In light of this, Australians have high expectations for a fast and efficient delivery of experiences on their mobile phones, and businesses who don’t adapt to meet the needs of this increasingly digital and mobile-savvy customer base risk becoming irrelevant.

According to Western Union research, 76 per cent  of Australian millennials consider the global economic system outdated,[1] highlighting the need for businesses in financial and banking services to constantly innovate to stay ahead of consumer needs.

Money management providers must ensure mobile money transfer happens where younger consumers want it to, through a smartphone app. It’s essential that digital money transfer tools and services fit seamlessly into the lives of everyday people, including millennials.

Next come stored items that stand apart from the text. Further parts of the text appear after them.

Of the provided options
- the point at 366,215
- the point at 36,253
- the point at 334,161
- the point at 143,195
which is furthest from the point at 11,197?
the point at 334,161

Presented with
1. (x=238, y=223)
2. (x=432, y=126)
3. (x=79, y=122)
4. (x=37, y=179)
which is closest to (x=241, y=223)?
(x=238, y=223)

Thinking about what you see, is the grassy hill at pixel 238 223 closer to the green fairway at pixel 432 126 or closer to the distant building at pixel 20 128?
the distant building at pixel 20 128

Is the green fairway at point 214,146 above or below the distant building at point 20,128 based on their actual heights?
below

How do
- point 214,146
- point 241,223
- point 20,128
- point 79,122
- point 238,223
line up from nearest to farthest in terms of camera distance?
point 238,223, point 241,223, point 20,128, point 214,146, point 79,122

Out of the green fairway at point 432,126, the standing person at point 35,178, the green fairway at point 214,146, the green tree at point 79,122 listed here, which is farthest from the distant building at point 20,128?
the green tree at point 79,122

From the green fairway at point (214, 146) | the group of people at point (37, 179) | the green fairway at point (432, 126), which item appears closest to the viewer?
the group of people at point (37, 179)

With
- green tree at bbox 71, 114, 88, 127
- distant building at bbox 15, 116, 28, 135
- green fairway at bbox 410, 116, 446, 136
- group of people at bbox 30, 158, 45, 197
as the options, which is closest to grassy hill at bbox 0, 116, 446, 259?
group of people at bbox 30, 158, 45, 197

In an age when speed, convenience, and trust mean everything, and young people are travelling more and more, money transfer businesses need to facilitate a digital, borderless world, where the flow of money is fluid and seamless.

Social commerce in Australia

A 2018 study into the global digital landscape reported nearly 3.2 billion active social media users worldwide. Notably, Australians are high up the list, with social media usage via mobile growing year-on-year, increasing by 7 per cent in 2018. Of the 3.2 billion global social media users, a massive nine in 10 people access their preferred platform via mobile phone.[2]

In Australia alone, there are currently 17 million Facebook users, with consumers aged between 18 and 34 accounting for 26 per cent of this group.[3]

Indeed, some of the key trends driving the money transfer and payments industries are social networking, the shift to mobile, and the growing popularity of e-wallets and online commerce. Individuals, particularly younger consumers, are participating in globalisation directly, using digital platforms to learn, find work, showcase their talent, and build personal networks.

Our research revealed that 82 per cent of Australian millennials feel social media plays a significant role in uniting the world through sharing information, fostering debate, and contributing to greater community togetherness.[4]

Considering this, it makes good business sense for money transfer operators to integrate their services with the social channels that younger consumers are using.

That’s why we’ve integrated our money transfer and payments services with popular social media apps Facebook Chat, WeChat Pay, and Viber, allowing customers in certain geographic locations to transfer money directly through platforms they are already using.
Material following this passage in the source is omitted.